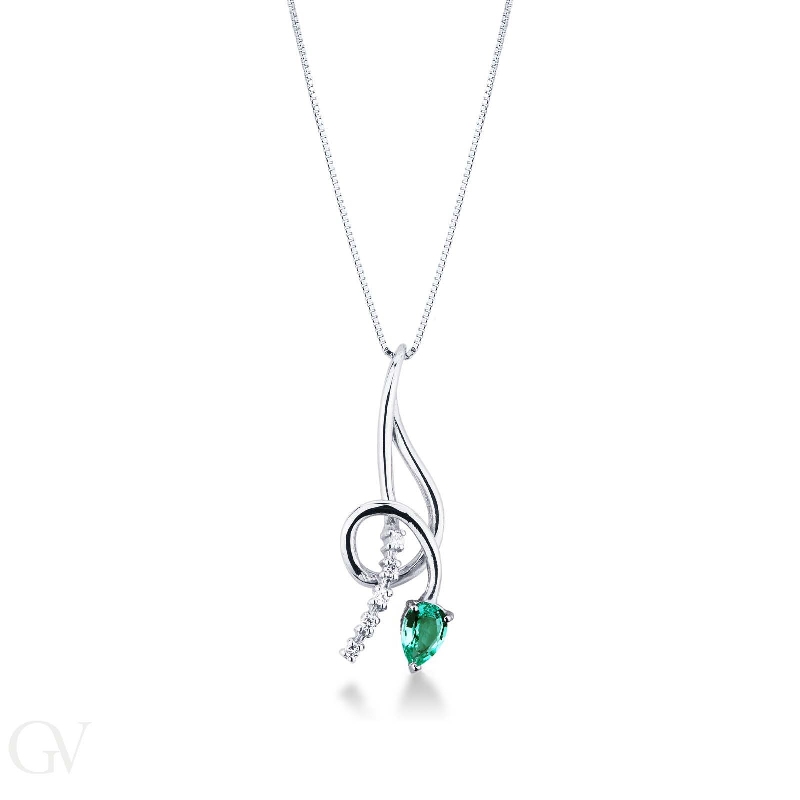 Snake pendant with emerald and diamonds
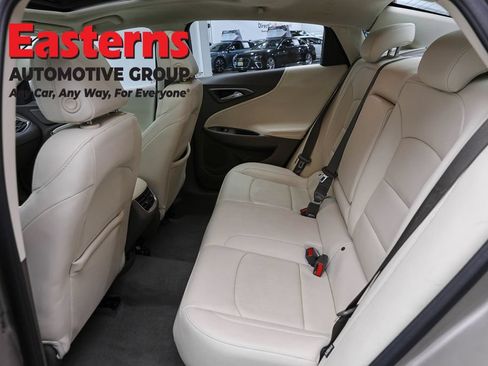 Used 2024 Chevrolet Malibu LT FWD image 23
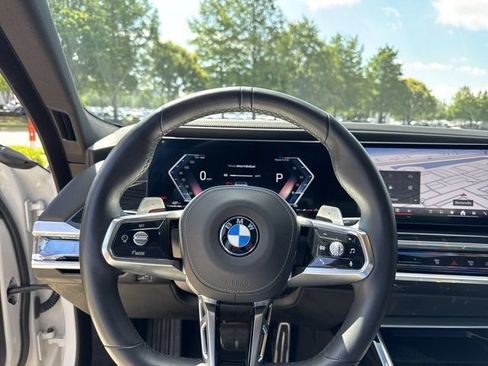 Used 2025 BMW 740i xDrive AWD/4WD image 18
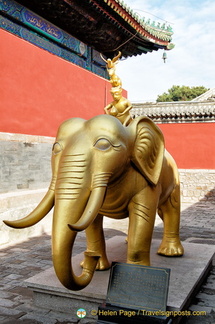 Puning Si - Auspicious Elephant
________________________
Return all the lines above exactly; none of the pictures should appear.

 Snake pendant with emerald and diamonds
 Used 2024 Chevrolet Malibu LT FWD image 23
 Used 2025 BMW 740i xDrive AWD/4WD image 18
 Puning Si - Auspicious Elephant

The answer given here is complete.